### INPUT DATA
--*--
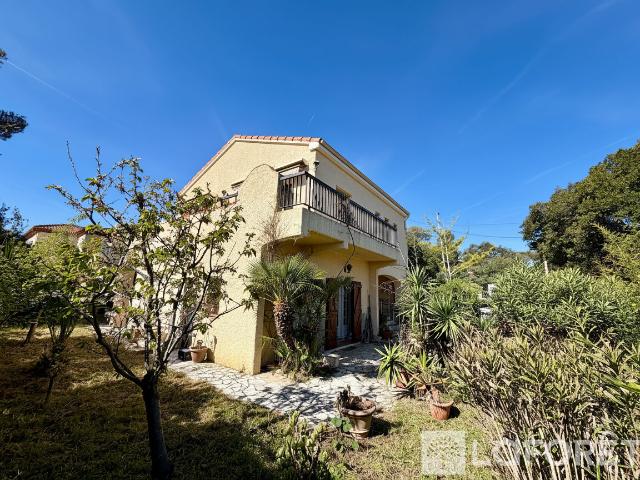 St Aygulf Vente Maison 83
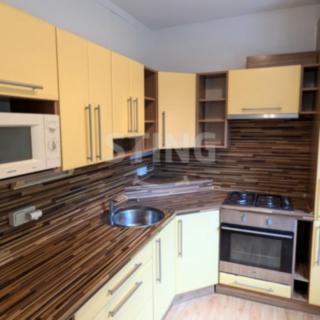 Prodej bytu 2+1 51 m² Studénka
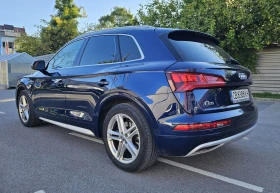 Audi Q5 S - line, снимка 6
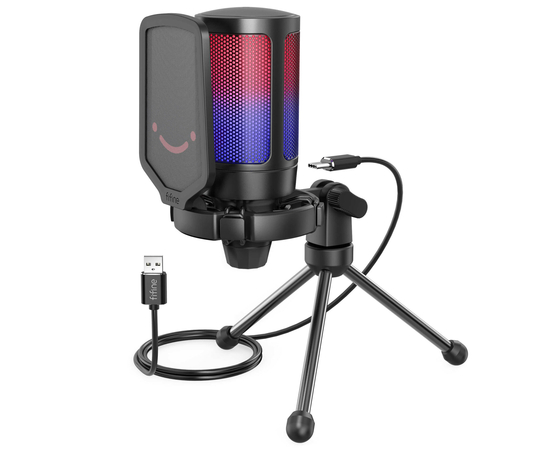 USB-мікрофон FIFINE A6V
--*--
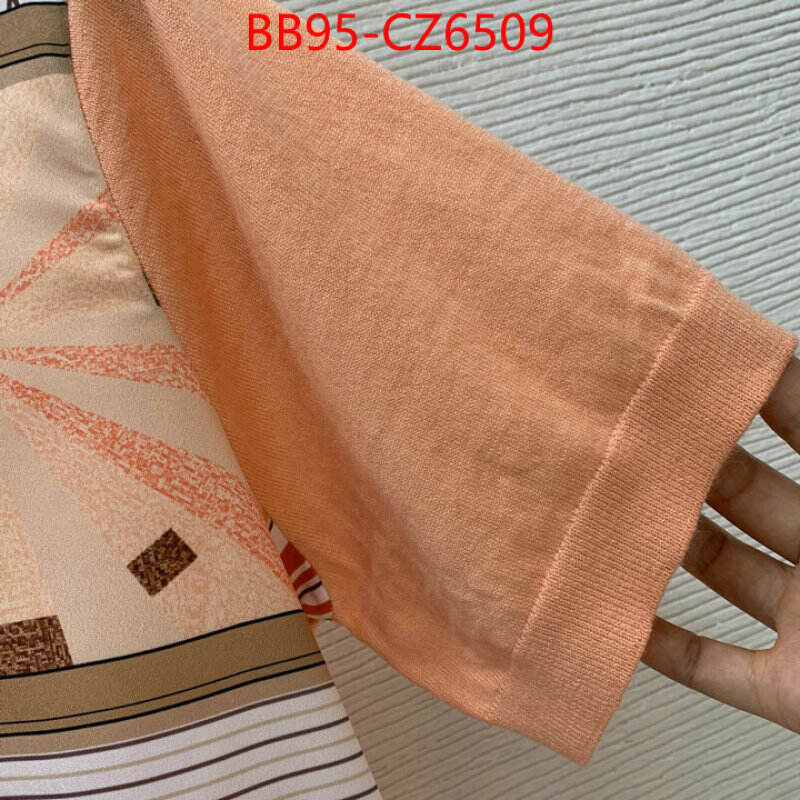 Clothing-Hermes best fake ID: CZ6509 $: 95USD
--*--
### THE PROBLEM
Copy the lines above exactly, starting with the line that contains "St Aygulf Vente Maison 83" and ending with the line that contains "USB-мікрофон FIFINE A6V", and leave out any pictures.

### RESULT OF THE EXERCISE
 St Aygulf Vente Maison 83
 Prodej bytu 2+1 51 m² Studénka
 Audi Q5 S - line, снимка 6
 USB-мікрофон FIFINE A6V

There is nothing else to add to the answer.